Have you checked whether OpenFST offers GPU acceleration? I see references to a project called T³ that appears to offer some GPU acceleration, also something called Kaldi (on GitHub). With your knowledge of the field, you will likely have much better luck locating relevant projects.

Judging by the publication dates on some of the references I find, this seems to be pretty cutting edge research, so much of it may not have yet in fact crystallized into solid open-source packages. You might want to look at this as your chance to become famous by contributing some kick-ass GPU acceleration to one of the existing speech-recognition software projects :-)

francisr · December 9, 2015, 11:54pm

OpenFST doesn’t seem to offer anything on GPU, and T3 and Kaldi use GPUs only for doing a forward pass with neural networks to get acoustic probabilities.

The research done by CMU traces back to 2012, more than 3 years now, no that cutting edge in this field, and also in GPUs!

I guess that now I just have to find the time to become famous. :)
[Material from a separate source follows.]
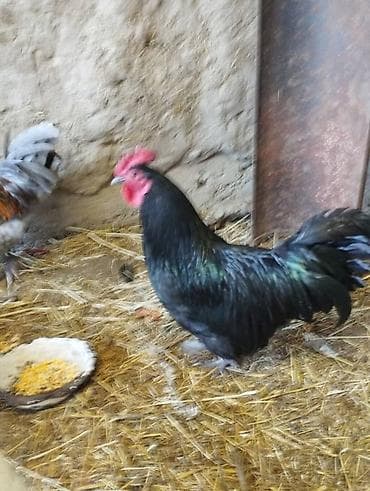 короз гул: Сатам | Короздор | Көбөйтүү үчүн — 1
njuffa · December 10, 2015, 12:13am

I’d say check on this thread for a few more days. Someone who has deep insights into GPU use in speech recognition software may yet come along and give you the crucial pointer you are looking for.

I do not think three years is a terribly long time for research to show up in widely available software. After all, someone has to step up to the plate and do the work of re-shaping wild and wooly research code into something that can actually be used by more than one person or team and on more than one platform.

If you look to CUDA itself for an example, if memory serves, it took about three years between the published research on GPU computing at Stanford (Brook) and when the initial version of CUDA was made available to the public. And that was in the context of a company paying engineers to do the necessary work.

It is of course also possible that the relevant speech recognition researchers are now busy turning their work into commercial products, rather than open-source packages.